Dropping every picture, set down exactly the lines in the entries below, starting with the line with "kitchen featuring kitchen" and going on through the line with "A carved oak wall shelf".

(Dataset records)
-----

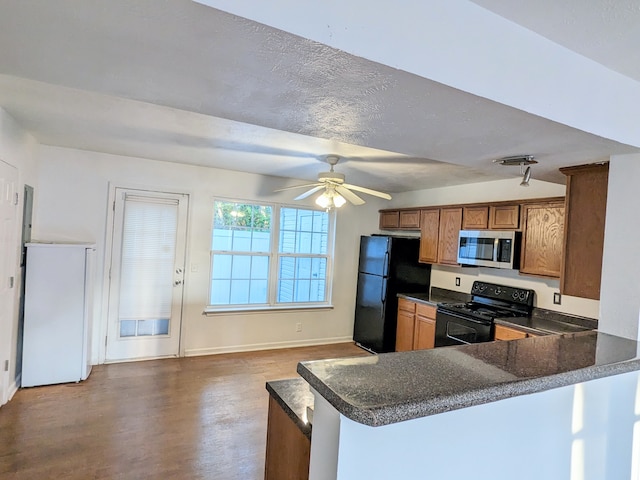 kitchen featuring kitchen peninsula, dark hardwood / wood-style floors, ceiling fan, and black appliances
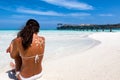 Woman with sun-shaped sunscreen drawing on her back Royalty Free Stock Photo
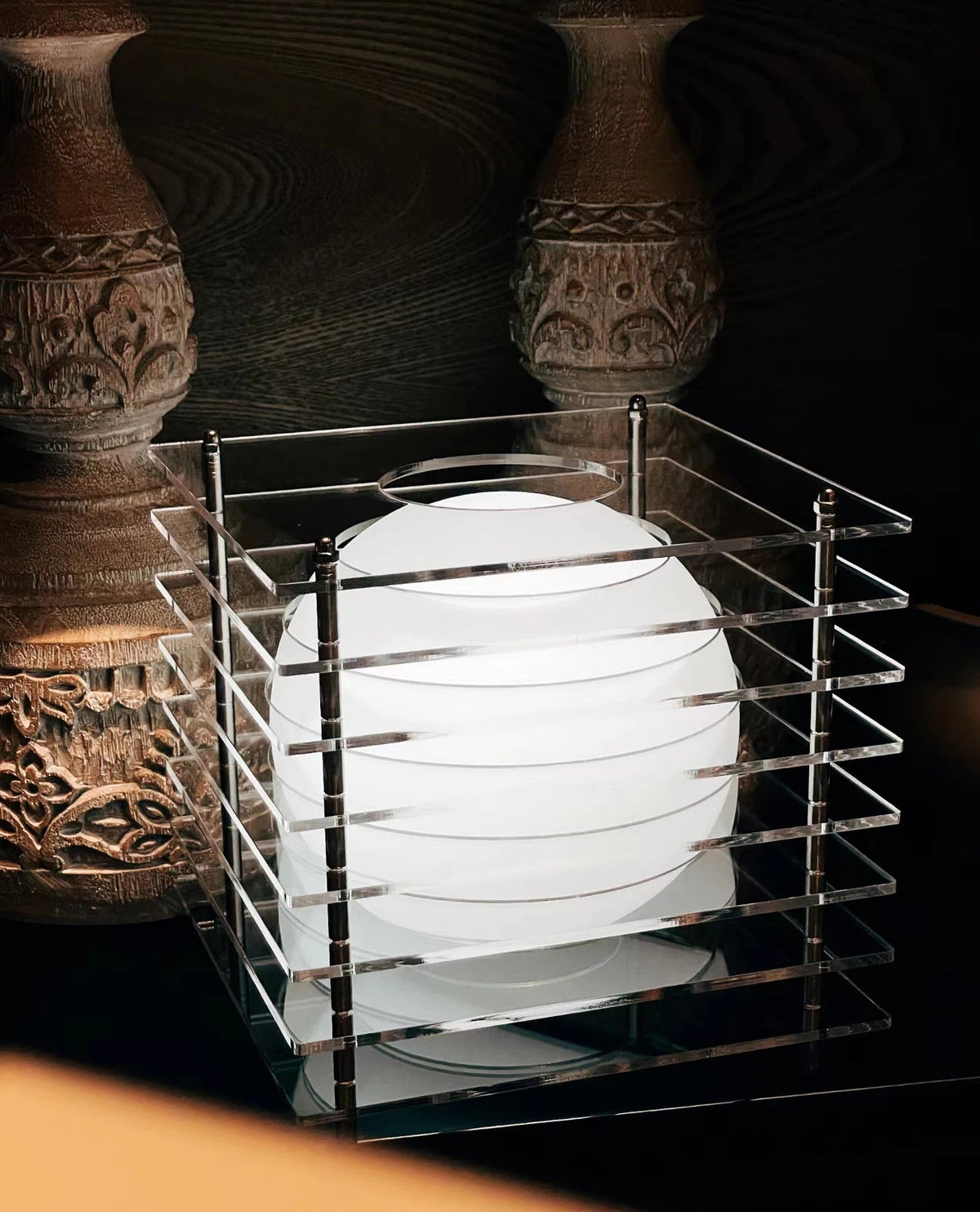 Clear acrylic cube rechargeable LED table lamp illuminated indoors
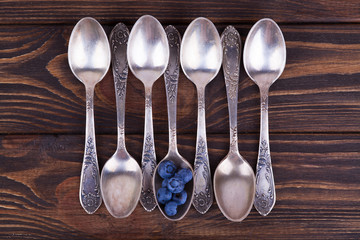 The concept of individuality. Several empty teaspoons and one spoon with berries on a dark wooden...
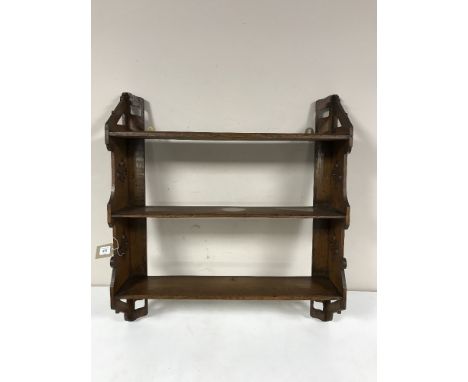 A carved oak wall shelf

-----

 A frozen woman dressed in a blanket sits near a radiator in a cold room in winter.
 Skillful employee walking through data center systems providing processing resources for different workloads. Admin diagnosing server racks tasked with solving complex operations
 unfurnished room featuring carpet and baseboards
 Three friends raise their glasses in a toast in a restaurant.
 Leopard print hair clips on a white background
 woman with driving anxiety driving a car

-----

* RESPONSE *
 kitchen featuring kitchen peninsula, dark hardwood / wood-style floors, ceiling fan, and black appliances
 Woman with sun-shaped sunscreen drawing on her back Royalty Free Stock Photo
 Clear acrylic cube rechargeable LED table lamp illuminated indoors
 The concept of individuality. Several empty teaspoons and one spoon with berries on a dark wooden...
 A carved oak wall shelf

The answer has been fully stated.